How Cornell transformed a life
In 1966 while on a junior year Cornell study abroad program at a Gandhian ashram college in Ahmedabad, India, I joined my Gujarati classmates for hours each day, sitting on a little prayer rug in a huge meditation hall dominated by a large cutout representation of Mahatma Gandhi. I asked, what is meditation? They could not answer—they said, just sit and spin on your charkha, or spinning wheel.
The thread of this question carried through my life after college, into graduate school at Columbia University, and into a zendo hall at San Francisco Zen Center. I found mindful awareness and compassion practices settled my jangled body and mind, clarified my intellect, and brought simple contentment and joy. I committed to these practices as the cornerstone of my personal and academic life.
In late 1977 I came to teach religious studies with a specialty in Indo-Tibetan Buddhism at Naropa University in Boulder, Colorado, the pioneer of merging mindfulness with western academic and artistic disciplines. Naropa was a start-up in those years, breathtaking and edgy, joining Beat poets like Allen Ginsberg and scientists like Buckminster Fuller with Buddhist meditation masters like Chogyam Trungpa, Rinpoche. I became one of the founders of the year-round programs, and have been here ever since. My academic friends thought I was crazy. My Buddhist friends thought me impossibly nerdy. As for me, I knew I had found a home.
Naropa became the incubator for a new kind of education; one that fosters first-person inquiry as a way to ground learning in direct experience. I teach Sanskrit Buddhist texts and meditation and Tibetan tantra, with a specialty in the dakini, the elusive feminine goddess symbol of esoteric wisdom. I also teach interreligious dialogue, compassion meditation and neuroscience, Buddhist theology, and contemplative pedagogy workshops for faculty.
All of this began at Cornell College, a place that fostered curiosity, the adventure of learning about myself and the world, and encouraged me to explore, question, and deepen my trust in our fundamental humanity. In this time of increased anxiety about alumni employment, student debt, and the survival of small liberal arts colleges, Cornell has an important role in cultivating this trust in our fragile world. Only then can we, together, find the creative solutions that will build global community and peace.
Cornell has been my family’s college.

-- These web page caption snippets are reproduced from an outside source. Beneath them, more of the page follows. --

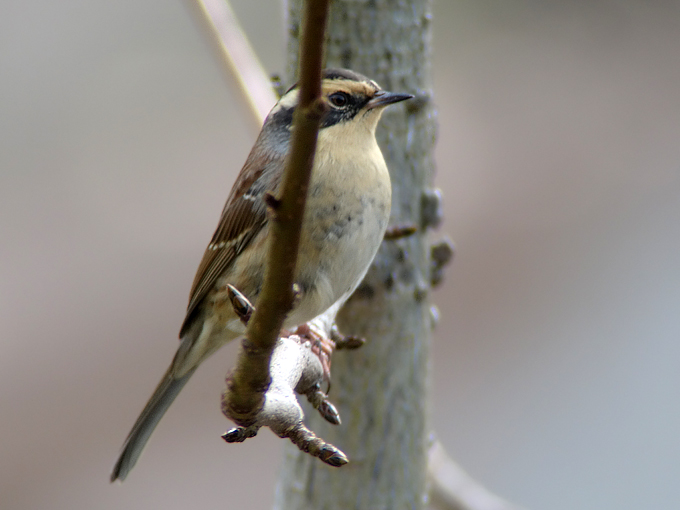 Siberian Accentor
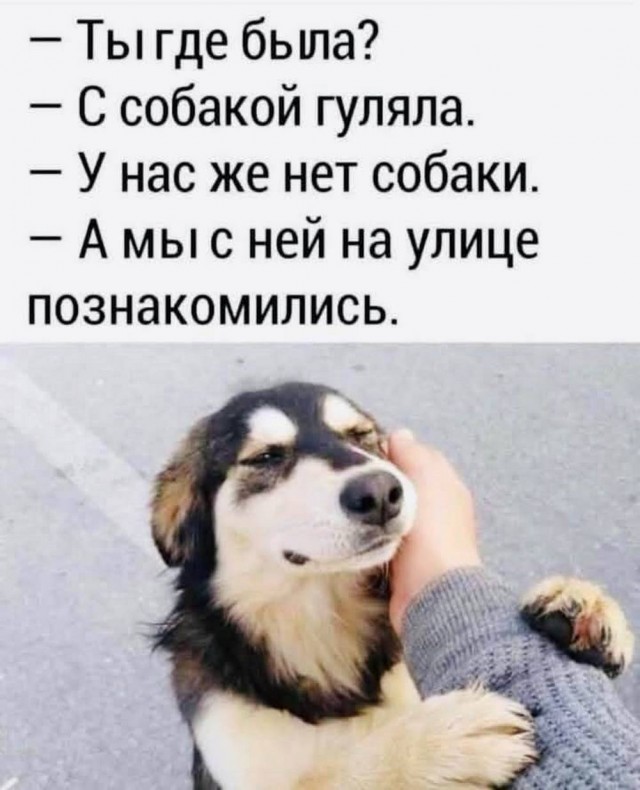 Картиночки, баянчики 19 марта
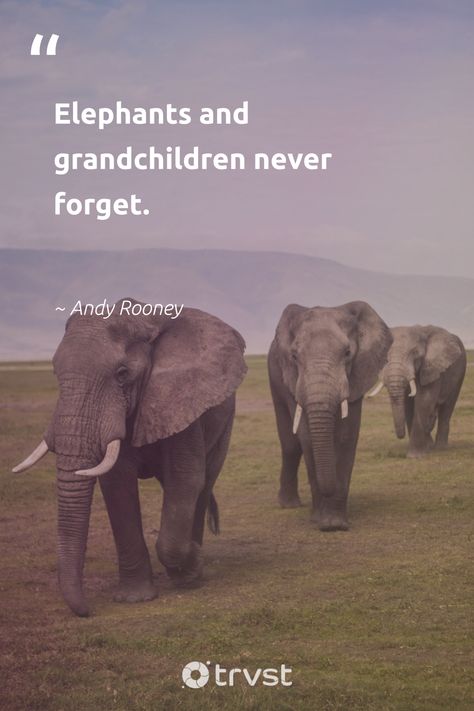 "Elephants and grandchildren never forget." - Andy Rooney #trvst #quote #elephants #explore #thinkgreen #animals #socialimpact #elephant #ecoconscious #wildlife #bethechange #naturelovers 📷 @mr_chief on unSplash Elephant Quotes Inspirational, How To Eat An Elephant Quote, Elephant Quotes Strength, Elephant Friendship Quotes, Elephant Motivational Quotes, Elephant Quotes, Elephant Sketch, Elephant Wallpaper, Elephant Images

My parents Blanche Gabrielson Simmer ’44 and Bill Simmer ’44 fell in love while leading the International Relations Club in the ’40s, when Dad—on a ministerial deferment—was one of the only men left on campus during the war. I was the first among my siblings to attend, followed the next year by my brother Steve Simmer ’69, and a few years later by my brother Scott Simmer ’73. They have both gone on to do exceptionally creative work in psychotherapy and law. Scott is now a Cornell Trustee. I often think of my life beginning the day I arrived on campus, straight from Nebraska—with the combined magic of tight-knit community, the love of learning, engaging course offerings, and study abroad.
Now, as I teach at another small liberal arts college, I consider myself continuing Cornell’s legacy, but adding the first-person inquiry dimension that mindful awareness and compassion practices from the Buddhist tradition bring.
Judith Simmer-Brown, Ph.D., is Distinguished Professor of Contemplative and Religious Studies at Naropa University in Boulder, Colorado. She is an Acharya (senior dharma teacher) of the Shambhala Buddhist lineage of Naropa University’s founder. She lectures and writes on Tibetan Buddhism, American Buddhism, women and Buddhism, interreligious dialogue, and contemplative education. She teaches contemplative pedagogy workshops to college and university faculty nationally. Her books are “Dakini’s Warm Breath: The Feminine Principle in Tibetan Buddhism” (Shambhala 2001) and, with Fran Grace, an edited collection of articles called “Meditation and the Classroom: Contemplative Pedagogy for Religious Studies” (Religious Studies Series, SUNY, 2010). She was a William Fletcher King scholar at Cornell College, where she was a double major in history and religion. She is married to Richard Brown, a Naropa professor, and they have two adult children and three grandchildren.